# How does the code work?


There are two different types of GRNN that can be used.

1. A model that learns from smiles fragments of equal length and predicts the next character of the sequence.
2. A model that learns from smiles fragments of different lengths and predicts the next character of the sequence

## Model 1


This model can be used in multiple ways.

### First way

The model is instantiated and the smiles strings are stored in the class directly. Then, one needs to pass the indices of the smiles strings that should be used for training. 

In [1]:
import sys
import os
sys.path.insert(0, os.path.abspath("/Volumes/Transcend/repositories/NovaData/models"))
import sklearn_models as sm

smiles = ["CC(=O)NC(CS)C(=O)Oc1ccc(NC(C)=O)cc1", "COc1ccc2CC5C3C=CC(O)C4Oc1c2C34CCN5C", "O=C(C)Oc1ccccc1C(=O)O"]
idx = [0, 1, 2]

estimator = sm.Model_1(smiles=smiles, window_length=10)
estimator.fit(idx)

Using TensorFlow backend.
  self.model.fit(X_hot, y_hot, batch_size=batch_size, verbose=1, nb_epoch=self.nb_epochs)


Epoch 1/4
Epoch 2/4
Epoch 3/4
Epoch 4/4


What happens when the estimator is instantiated with smiles strings? 

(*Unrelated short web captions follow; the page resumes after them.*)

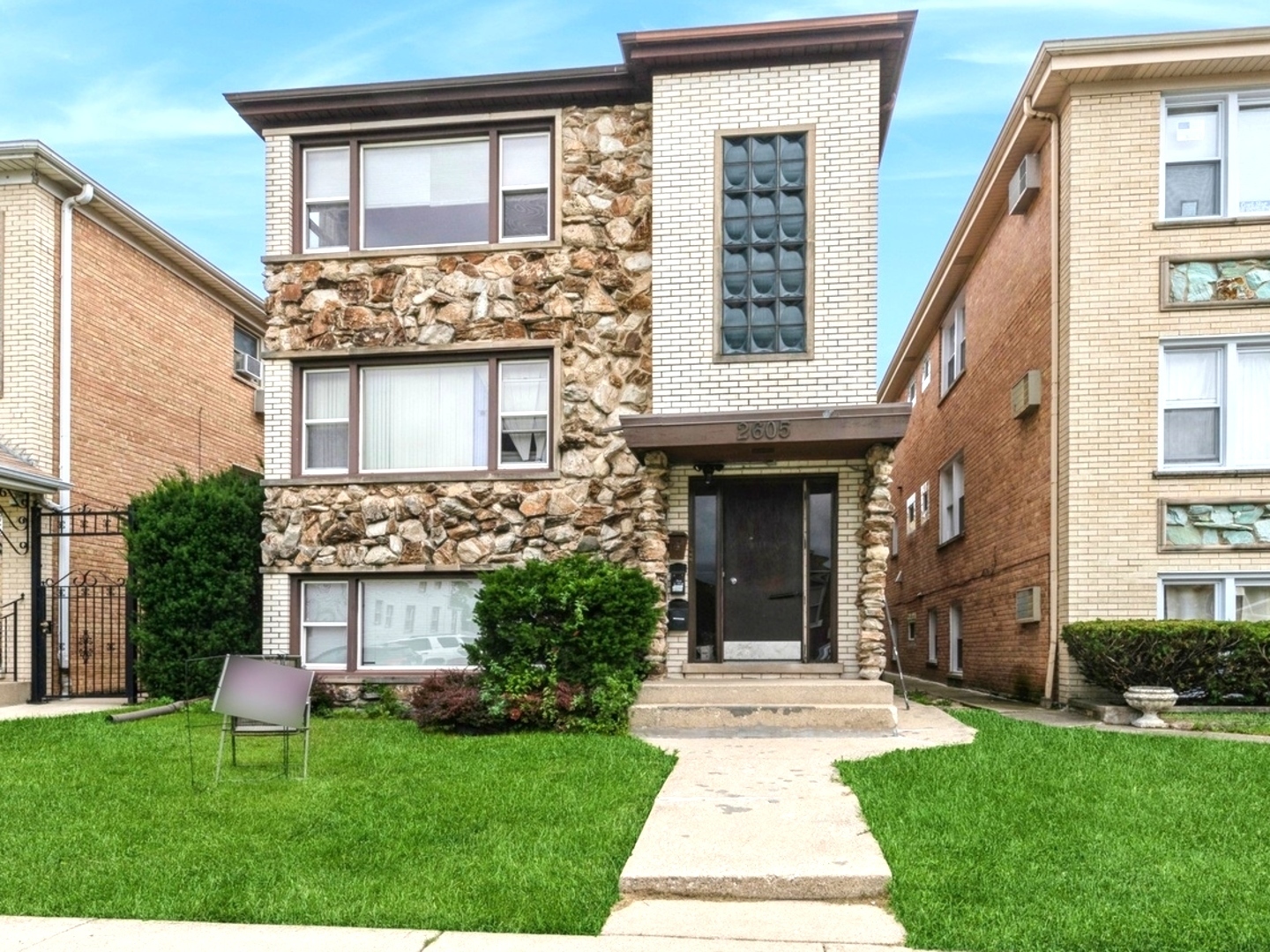 Property Photo: 2605 N 72nd Court 3 IL 60707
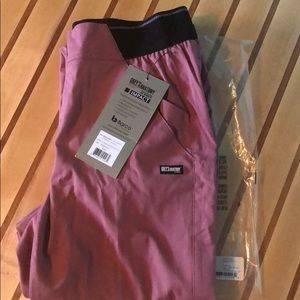 Greys Anatomy Impact women’s scrubs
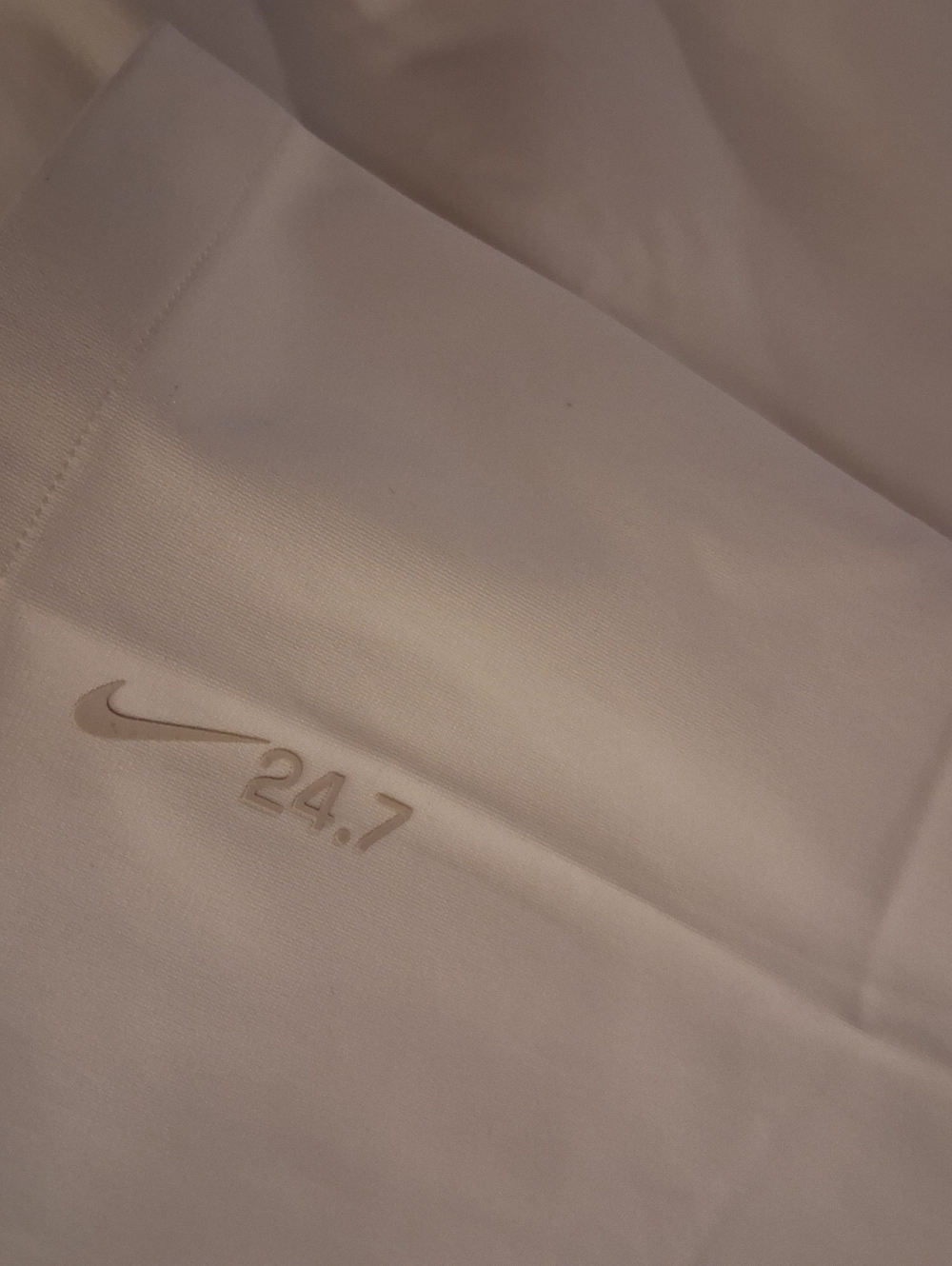 Nike 24.7 White Short sleeve Button-Up Shirt - Picture 4 of 5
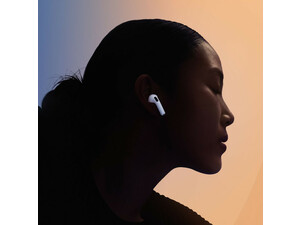 هدفون توگوشی بلوتوثی اپل مدل Airpods 5 Wireless Charging Case با حذف نویز فعال، حالت شفافیت و استاندارد IP57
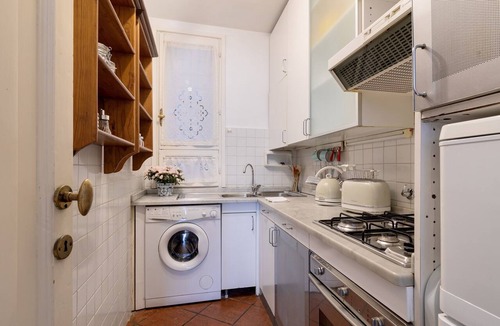 Rione VII Regola Apartment | Paradiso | Romantic open space in the heart of Rome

1. The argumend `smiles` is checked to make sure it is a list of strings. 
2. The smiles strings are one-hot encoded. During this process, the following things are done:

    1. The unique characters present in the smiles strings are gathered and a dictionary is created that turns every character into an integer. This includes 'G', 'E' and 'A'.
    2. All molecules are modified so that they start with 'G' and end with 'E'.
    3. The smiles strings are then split into overlapping windows of length `window_length`. These constitute the 'X' part of the data set.
    4. For each window, the character that follows that window in the smile string is also stored. These constitute the 'Y' part of the data set.
    5. Both the X and Y part of the data set are one-hot encoded and *stored* in the class.

What happens when the estimator is fit to the data?

1. The fit method receives the indices of the smiles strings to use for training.
2. There is a check to make sure that there is data (smiles strings) stored in the class. 
3. Another function converts the indices passed as an argument (which correspond to entire smiles strings) to the indices of the overlapping windows.
4. Then, the windows that are needed for training are extracted from the data set and used for the fit.

In [2]:
predictions = estimator.predict(X=idx)

What happens when the predict function is called?

1. The argument `X` of the predict function is checked. For this estimator it cannot be None. In addition, when this estimator is used in this way, only indices can be passed, not new smiles strings.
2. The smiles corresponding to the indices are extracted and so are the windows corresponding to those smiles.
3. For each *smiles*, the first window is input into the model and the next character is predicted.
4. This character is then appended to the end of the initial window while the first character is dropped. 
5. Point 4 is repeated until either the character 'E' is produced or until the predicted smile has reached a length of 100.
6. The first and last character ('G' and 'E') of the predicted smiles are removed and the smiles are returned.